Among the submissions made by Ms. Bouchard was the argument that the funds held in trust did not form part of Mr. Bouchard’s estate; that there were no creditors of the estate; and that Mr. Bouchard’s family was “fine” with her application. With respect to the quantum of the lump sum support she sought, she submitted that her “rough calculation” of the costs of raising her two children, and her “approximate average family costs” should suffice as evidence in support of her claim for the entirety of the trust funds.
The court reviewed the applicable sections of the Wills, Estates and Succession Act, S.B.C. 2009, c. 13 (WESA), namely, sections 150 and 151 of WESA and Supreme Court Family Rules 8-2 and 20-6.
The court declined to accede to Ms. Bouchard’s claim saying:
“Ms. Bouchard’s attempt to obtain these funds using this approach really asks the court to circumvent the proper procedural and substantive law.
Procedurally, Ms. Bouchard is improperly attempting to obtain orders in the absence of any representation of Mr. Bouchard’s estate. The orders she seeks could only be orders against his estate and no one has been appointed as a personal or litigation representative.”
The court also found that Ms. Bouchard’s reliance on s. 170 of the Family Law Act was misconceived as the legislation contemplated an order for child support against a living payor, not a deceased one.

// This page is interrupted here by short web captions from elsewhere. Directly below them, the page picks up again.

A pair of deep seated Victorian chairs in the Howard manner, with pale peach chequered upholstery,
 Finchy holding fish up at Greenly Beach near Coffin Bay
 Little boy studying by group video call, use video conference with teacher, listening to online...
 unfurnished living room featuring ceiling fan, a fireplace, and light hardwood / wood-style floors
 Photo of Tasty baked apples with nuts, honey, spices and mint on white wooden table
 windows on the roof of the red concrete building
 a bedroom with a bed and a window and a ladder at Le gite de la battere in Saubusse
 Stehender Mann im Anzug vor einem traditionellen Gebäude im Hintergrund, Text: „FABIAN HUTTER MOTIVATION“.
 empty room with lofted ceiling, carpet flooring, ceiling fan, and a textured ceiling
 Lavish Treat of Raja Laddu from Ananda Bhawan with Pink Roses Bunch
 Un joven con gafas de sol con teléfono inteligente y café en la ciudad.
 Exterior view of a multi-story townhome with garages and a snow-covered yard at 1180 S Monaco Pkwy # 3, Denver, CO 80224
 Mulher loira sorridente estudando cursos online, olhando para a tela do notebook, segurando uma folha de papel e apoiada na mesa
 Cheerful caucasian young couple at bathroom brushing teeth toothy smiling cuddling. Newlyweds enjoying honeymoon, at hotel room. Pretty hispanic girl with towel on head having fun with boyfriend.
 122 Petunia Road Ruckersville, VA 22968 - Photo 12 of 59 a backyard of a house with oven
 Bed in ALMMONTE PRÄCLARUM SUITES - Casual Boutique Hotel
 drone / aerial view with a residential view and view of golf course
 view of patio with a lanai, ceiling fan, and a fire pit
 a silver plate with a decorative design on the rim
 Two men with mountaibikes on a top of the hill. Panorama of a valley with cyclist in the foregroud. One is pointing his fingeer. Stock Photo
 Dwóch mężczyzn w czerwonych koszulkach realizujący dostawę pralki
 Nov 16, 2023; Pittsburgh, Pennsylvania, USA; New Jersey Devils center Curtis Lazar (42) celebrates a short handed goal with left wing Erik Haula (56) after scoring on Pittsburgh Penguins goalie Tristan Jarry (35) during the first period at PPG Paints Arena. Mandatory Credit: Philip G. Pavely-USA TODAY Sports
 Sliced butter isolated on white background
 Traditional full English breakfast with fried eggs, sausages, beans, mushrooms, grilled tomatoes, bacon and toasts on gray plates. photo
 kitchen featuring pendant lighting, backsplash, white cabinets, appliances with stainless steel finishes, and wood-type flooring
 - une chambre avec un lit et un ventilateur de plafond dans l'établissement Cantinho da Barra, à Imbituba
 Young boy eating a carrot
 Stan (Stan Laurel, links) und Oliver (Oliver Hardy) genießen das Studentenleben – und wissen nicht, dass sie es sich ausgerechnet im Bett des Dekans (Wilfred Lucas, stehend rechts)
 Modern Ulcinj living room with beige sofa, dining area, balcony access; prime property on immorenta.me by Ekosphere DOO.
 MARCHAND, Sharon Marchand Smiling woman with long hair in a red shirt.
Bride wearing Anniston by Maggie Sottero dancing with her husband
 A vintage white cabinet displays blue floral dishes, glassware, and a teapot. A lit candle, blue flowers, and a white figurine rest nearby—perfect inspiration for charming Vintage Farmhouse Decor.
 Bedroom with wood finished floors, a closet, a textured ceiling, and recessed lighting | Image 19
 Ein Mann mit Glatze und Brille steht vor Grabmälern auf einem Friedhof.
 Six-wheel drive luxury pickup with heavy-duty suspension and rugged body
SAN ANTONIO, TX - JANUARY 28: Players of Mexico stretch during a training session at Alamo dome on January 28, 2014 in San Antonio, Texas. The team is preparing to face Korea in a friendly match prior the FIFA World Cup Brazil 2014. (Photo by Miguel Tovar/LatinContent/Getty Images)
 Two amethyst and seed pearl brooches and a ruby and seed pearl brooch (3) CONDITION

What is most apparent about this case is that counsel for Ms. Bouchard had already been told by a judge of the court that without the appointment of a personal representative for the estate of her deceased spouse, no orders would be made. Clearly, it should have been obvious that Ms. Bouchard either needed to apply to be appointed administrator or some other relative of Mr. Bouchard’s should have been recruited. I can’t imagine that she could be happy about her multiple unsuccessful court applications, with the same reasons for the dismissal of same.